Tomorrow Never Comes

Epitaph

From its emergence, the term “punk” was always derogatory. Shakespeare used it as a term for a female prostitute and there is the rumored male prison slang, but the common definition when associated with the music genre has been a worthless person, a criminal or hoodlum, or a novice. Punks owned this from the start. Reveling in the cultural identity of anger, disenfranchisement, rebellion, and novice (this is an understatement for some!) musician. It was, and is, a culture for, and of, youth. So, what happens when we are nearly 50 years removed from the genesis of the genre? And more importantly, what happens when life-long punks reach middle age?

Rancid’s Tim Armstrong and Matt Freeman created the band on the dismantling of ska-punk icons Operation Ivy, in 1991, with Lars Frederiksen and Brendan Steineckert in Berkley, California. Everyone involved embraced the punk ethos and lifestyle early in life. No one has ever questioned Rancid’s commitment to being punks, even when the band was commercially successful and relevant during the ’90s, a time when signing to a major label (Epitaph may not quite fall into this category, due to its pedigree) could derail a band’s dedicated fan base with accusations of “SELL OUTS!” Yet, Rancid kept their integrity as gritty street punks. That was 1995’s …And Out Come the Wolves. It’s now 28 years later, and Rancid are still one of the more vital bands in the genre.

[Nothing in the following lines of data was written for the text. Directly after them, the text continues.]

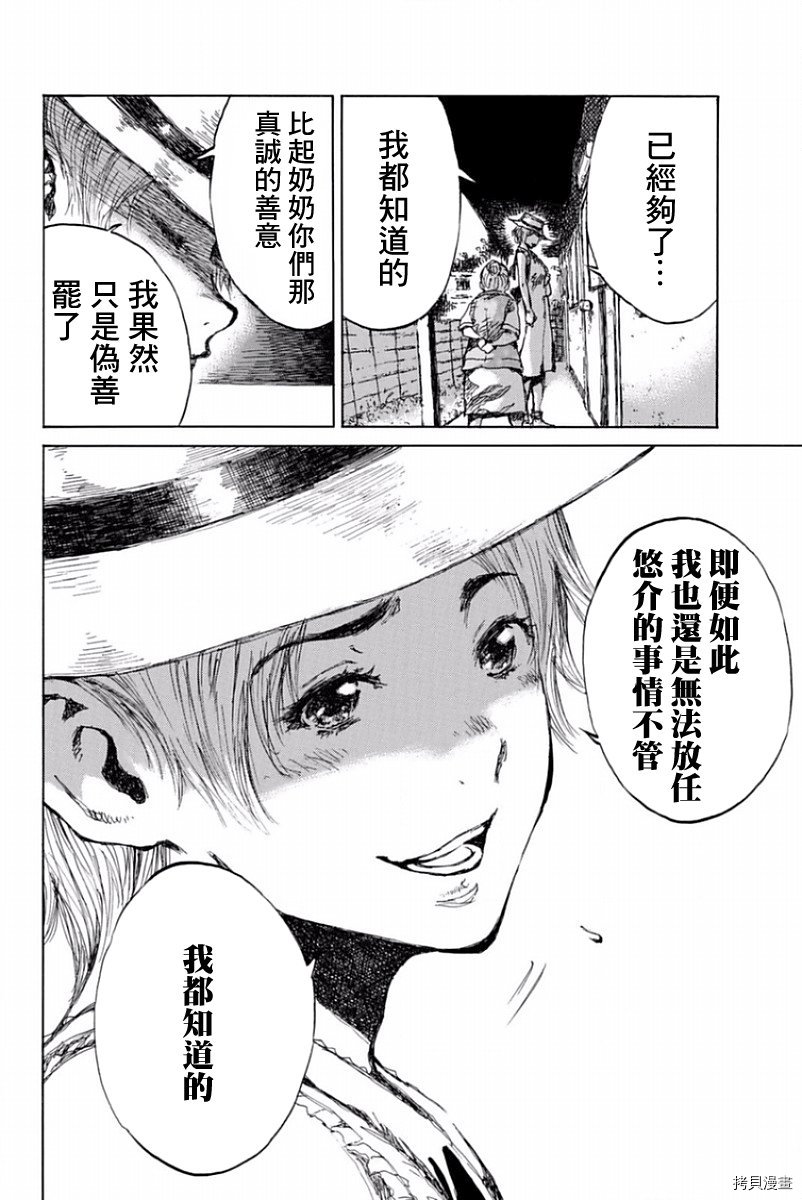 你将我们称作恶魔之时[拷贝漫画]韩漫全集-第43話无删减无遮挡章节图片 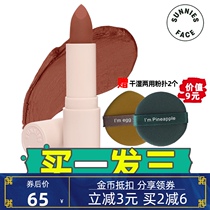 sunnies face lipstick girl crash goji nudist major lipstick gem lip glaze bunny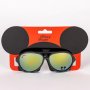 Детски слънчеви очила Cerda Mickey 2600002033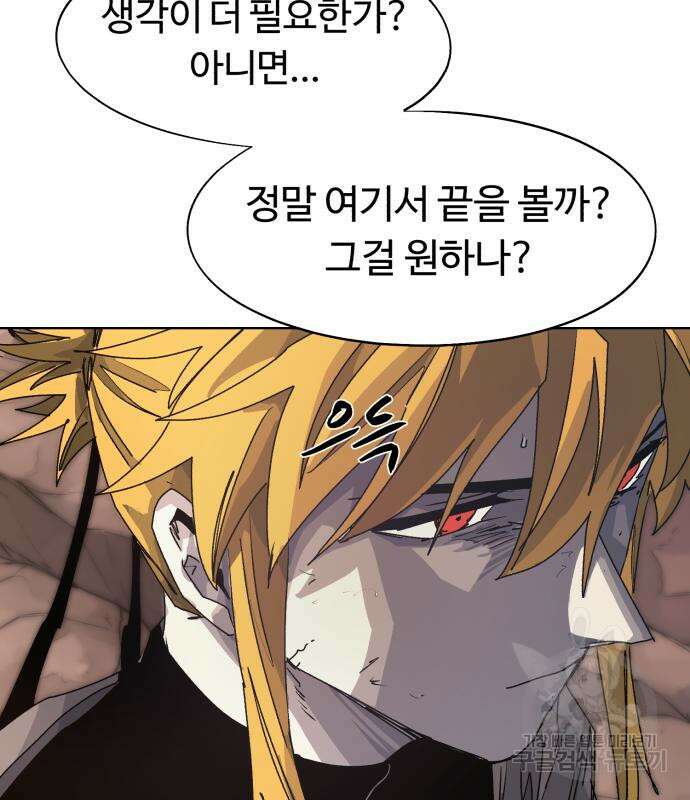 잔불의 기사 104화 14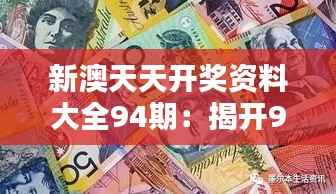 新澳天天开奖资料大全94期:揭开94期开奖的神秘面纱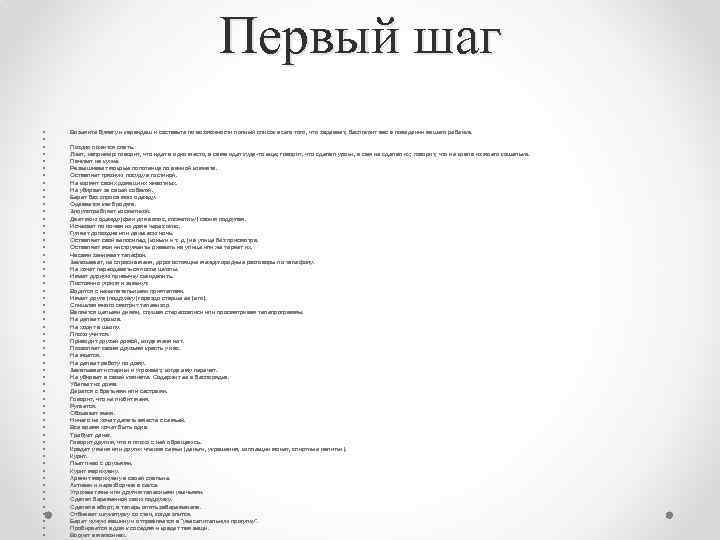 Первый шаг • • • • • • • • • • • •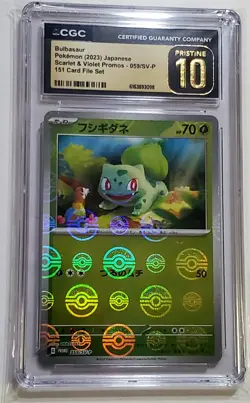 Bulbasaur 059/SV-P Promo 151 Card File Set Reverse Holo CGC PRISTINE 10 GOLD JPN - Image 1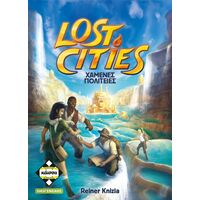 LOST CITIES - ΧΑΜΕΝΕΣ ΠΟΛΙΤΕΙΕΣ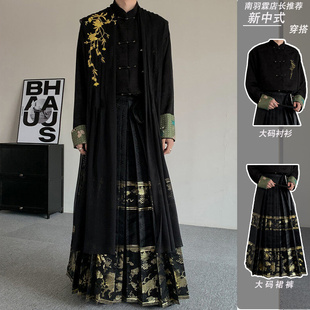 外套三件套 中国风改良盘扣唐装 重工明制汉服新中式 织金马面裙古装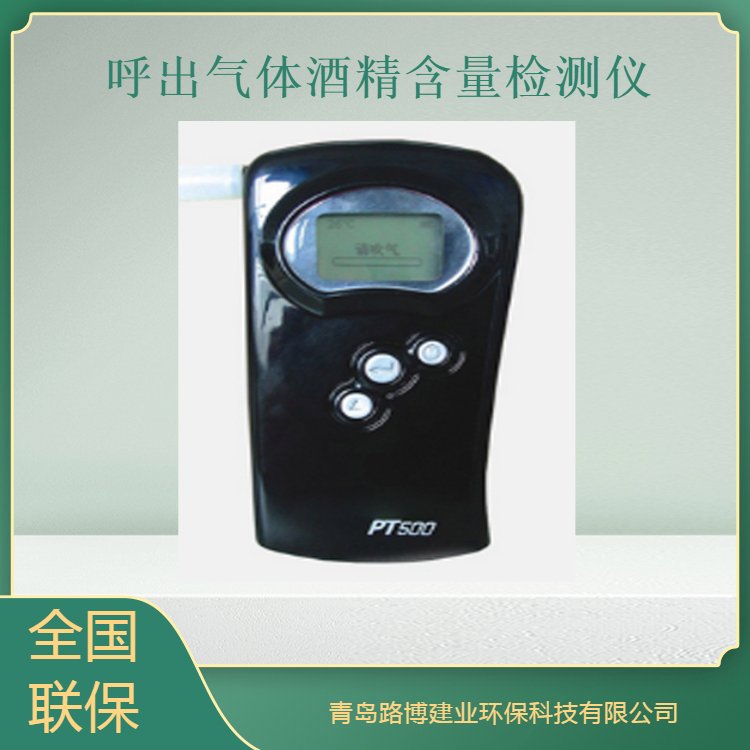 路博 PT500呼出气体酒精含量检测仪 二级报警，报警点可调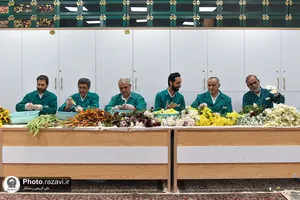 افتتاح مرکز جدید شمیم رضوان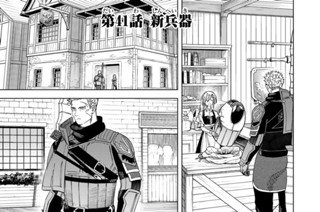 第４１話 新兵器 표지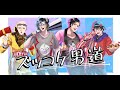 【ズッコケ男道】関西人四人が歌ってみた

They outlasted many of their heroes and contemporaries. They are now punks with grey beards and heads that are clean shorn, not from shaving, but from male pattern baldness. They are much better musicians — a lifetime of being in a band, touring, writing songs will do that — but they have kept the essential anger, disenfranchisement, and rebellion intact. Rancid never mellowed out, and their newest release, Tomorrow Never Comes, is testament to their allegiance to the music and lifestyle.

Rancid
by Atiba Jefferson
Rancid

I love punk. In all its iterations. The Clash informed me. Misfits became an obsession. Fugazi made me seek out jazz records. Refused took that even further. Stiff Little Fingers, Anti-Nowhere League, Buzzcocks, Black Flag, Exploited, Sub-Humans, Minutemen, early Gang of Four, Joy Division, Husker Dü, and Wire … the list goes on for a long, long time. There’s nothing quite like loud, angry, aggressive anarchy to motivate me. Metal can do this, but sometimes it’s too noodley, too invested in the arc of a song. Punk just punches you in the earholes for a few minutes and walks away. It doesn’t care. It just is.

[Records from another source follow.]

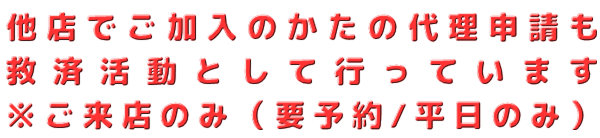 当店で加入されたかたは代理申請しますのでお知らせ下さい。
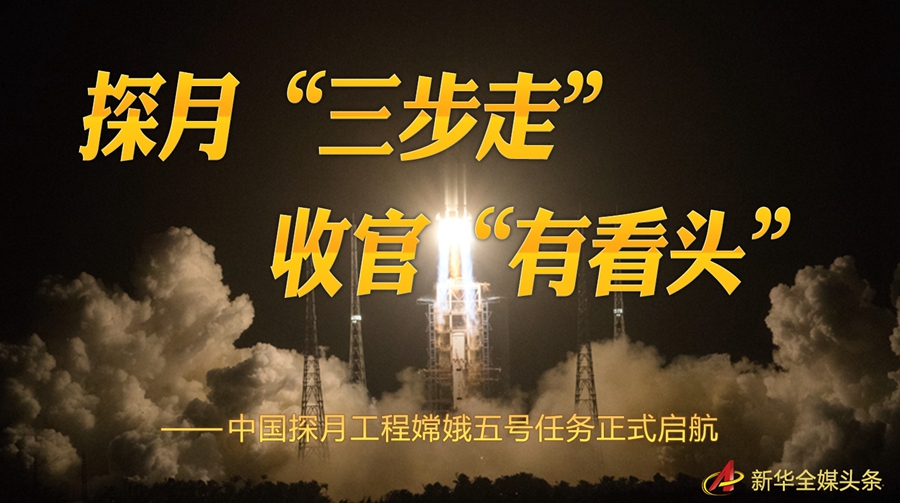 探月“三步走” 收官“有看頭”——中國探月工程嫦娥五號任務正式啟航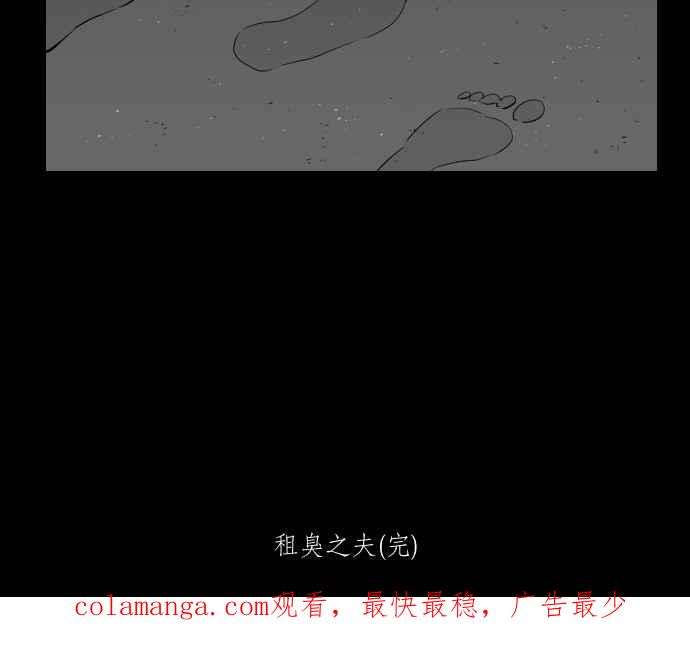 黑盒子 [第285话] 租臭之夫(4) 第42页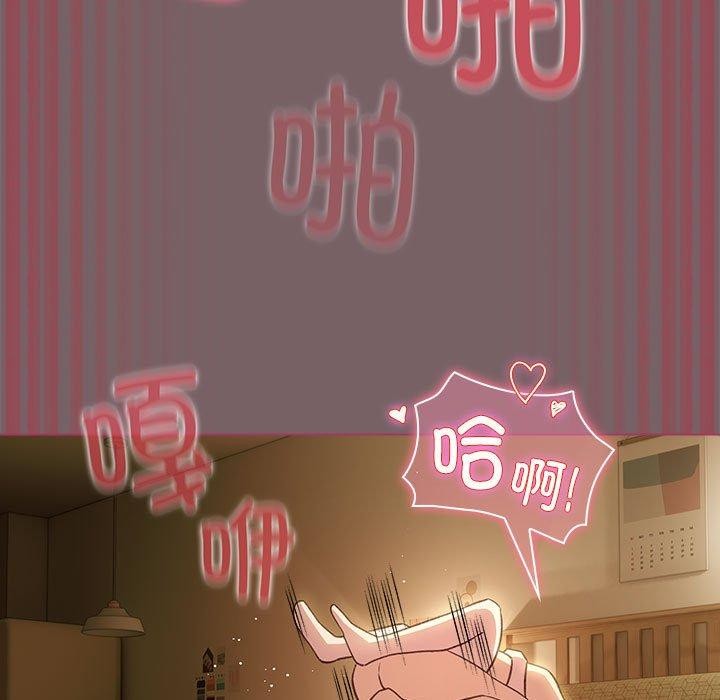 配角的生存任務第11話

Tomorrow Never Comes plays at an old-school blistering pace, covering 16 tracks in under 30 minutes. Songs are lean; all the fat has been trimmed to just the core of what Rancid wants to impress on the listener. The guitar chords are fast and abrasive with distortion. Vocal duties, shared by Armstrong and Fredrickson, are shoutalong anthems for breaking vocal cords. Matt Freeman always keeps Rancid a step above their fellow punks, with complex and dancing bass lines, drums anchoring every song in the pocket.

Rancid has never shied away from political lyrics, but much of the album seems to be tangentially political, often through the lens of immigrants or outcasts of the Barbary Coast. Some lyrics could even allude to piracy, as the anarchisms are abundant. The band is tight. The messaging is clear — life is hard, protect yourself from those that would do you harm at all costs — but with an acknowledgement that the life of a punk is often self-destructive by its very definition.

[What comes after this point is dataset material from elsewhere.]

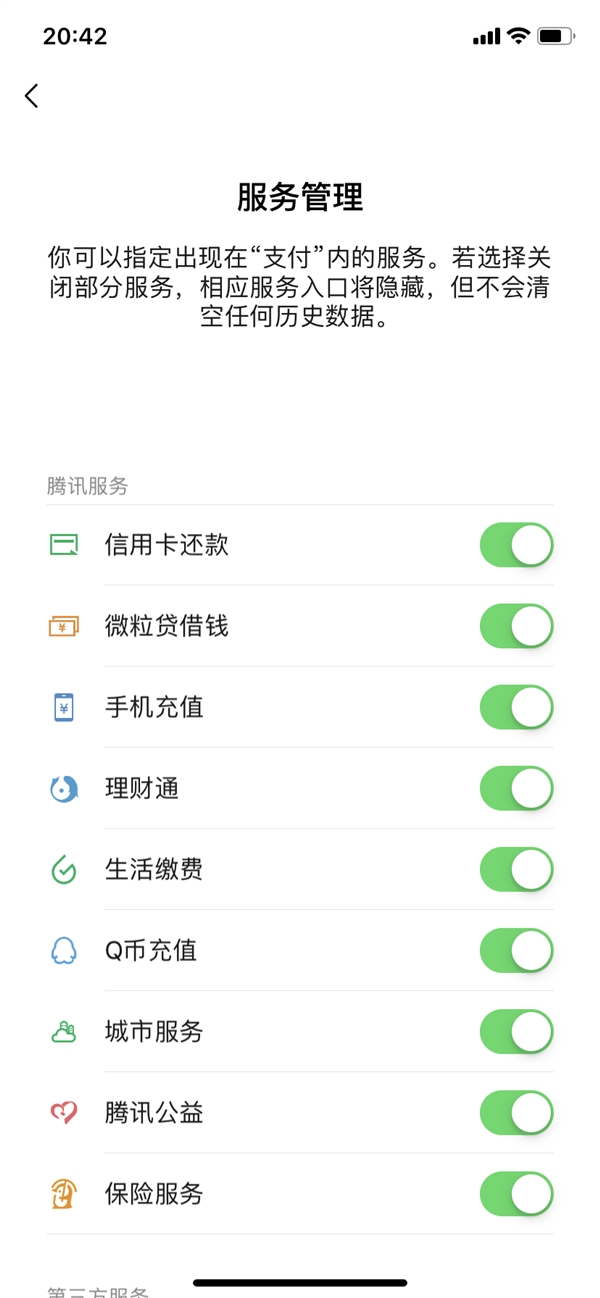 微信支付的第三方服务怎么关闭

Crooked people lie, reckless people die, Staying true to yourself ‘til the end” from “Hellbound Train” is a tidy bit of what is at the core of Tomorrow Never Comes.

At a minute-26 seconds, “Hear Us Out” is a punk rallying cry for community: “You’re unique like no other, Conduct your way to love one another, City’s a beast, so let’s take cover, For the concrete gets cold tonight, Hear us out, We’ve gotta stick together regardless, We’ve gotta do what we think is right.” It’s fascinating to see that elder statesman of a genre so ingrained in youth, still have something poignant to say.

The album cover is stark, but bold. Yellow, white, and black portraits of the band members that could be standins for mug shots, with the Rancid spray-painted graffiti logo in the same yellow. If you listen to just the music, have no context of the band, age wouldn’t even enter the conversation. The vitality of what it means to be a punk in the 21st century is blatant. You can spare 30 minutes for Tomorrow Never Comes, because it’s a rallying cry by one of the genre’s best, that punk is indeed not dead.